Plusieurs signaux ont été ainsi adressés en direction de Paris pour signifier qu’on ne voulait plus de lui à Alger. Ces signaux paraissent donc avoir été pris en ligne de compte.
En politique, il n’y a effectivement pas de hasard. Il n’est donc pas à exclure du tout que la mise à la retraite très médiatisée de François Gouyette ait été décidée par Paris pour faire amende honorable et donner une chance au réchauffement algéro-français de poursuivre son cours. La raison tient au fait qu’il est extrêmement rare qu’un ambassadeur de France soit invité à quitter non seulement son poste mais également ses fonctions d’une manière aussi abrupte. Cela équivaut presque à un limogeage.

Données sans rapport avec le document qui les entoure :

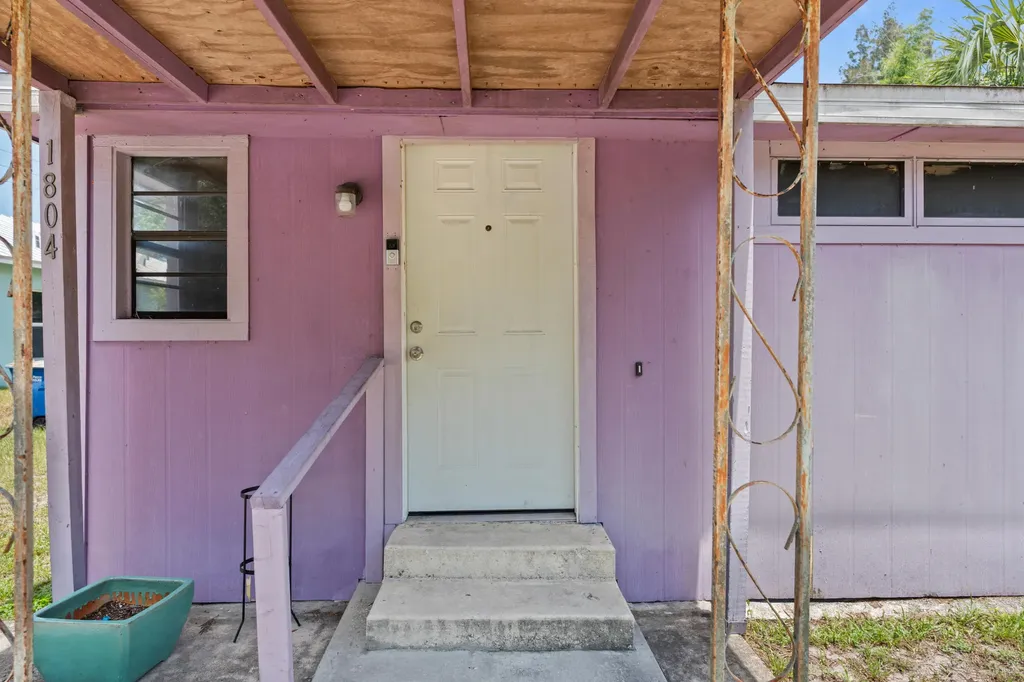 1804 S 30th S Fort Pierce FL 34947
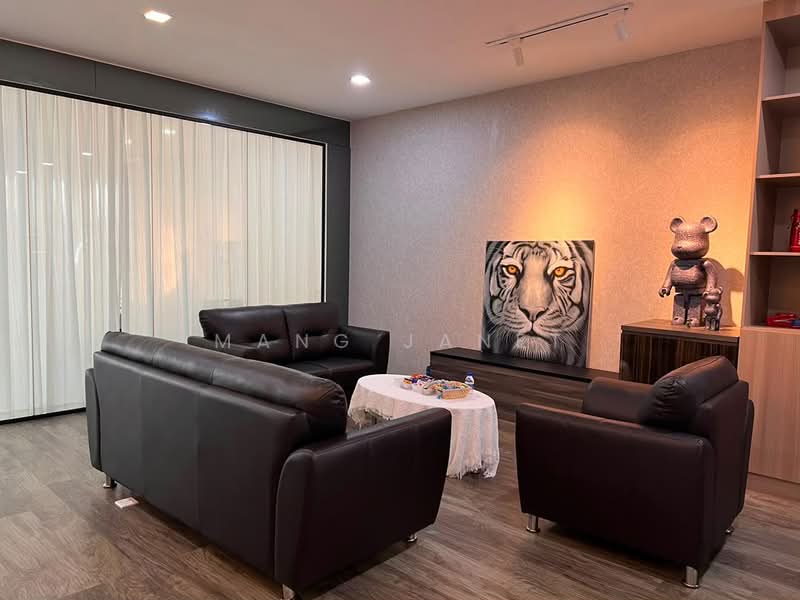 Shop / Office untuk Disewa di Taman Mount Austin (Tebrau) - Mang Janet - Living Room - PropertyGuru.com.my
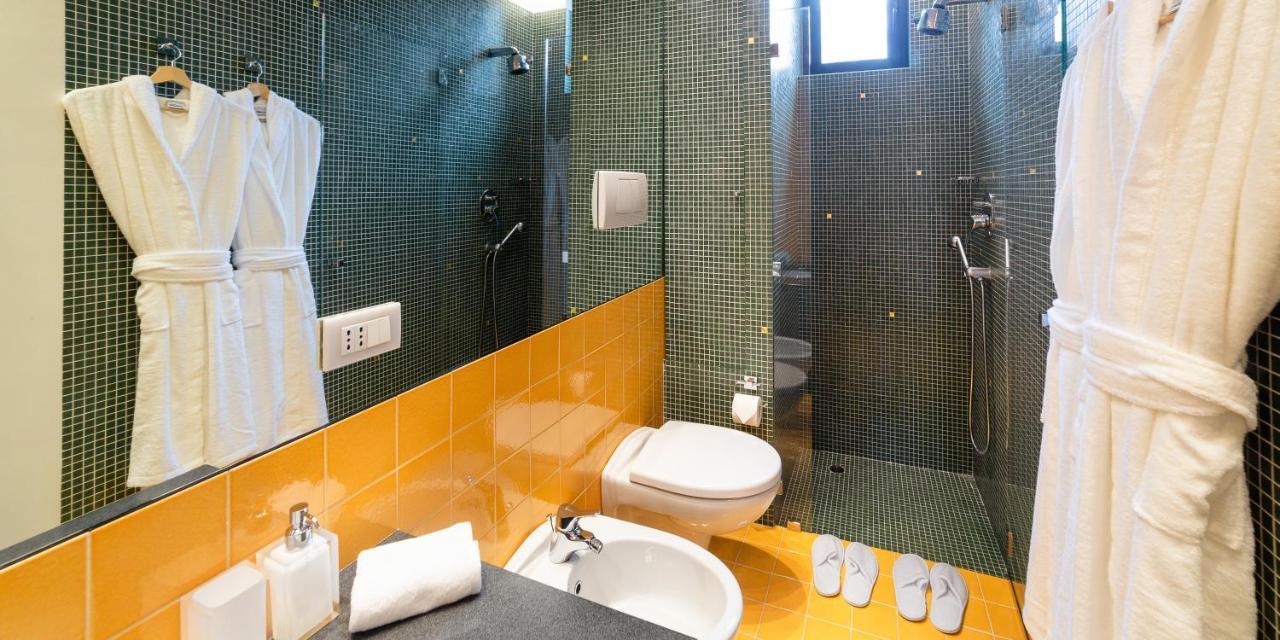 Suite Augustus - Free Parking Genoa Exterior photo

Généralement, les ambassadeurs sont rappelés avant d’être admis à faire valoir leurs droits à la retraite. Dans le cas présent, François Gouyette a été éjecté pour ainsi dire du Quai d’Orsay, ce qui n’est pas très valorisant pour un diplomate. Sa carrière comme celle de Xavier Driencourt se termine pratiquement en queue de poisson. Concomitamment à la mise à l’écart anticipée de François Gouyette, le Quai d’Orsay à par ailleurs multiplié ces derniers jours les déclarations pour signifier que la France tient toujours à développer ses relations «dans l’esprit de Déclaration d’Alger pour un Partenariat renouvelé entre l’Algérie et la France». Bref, Paris s’emploie à faire en sorte que l’orage soit de courte durée.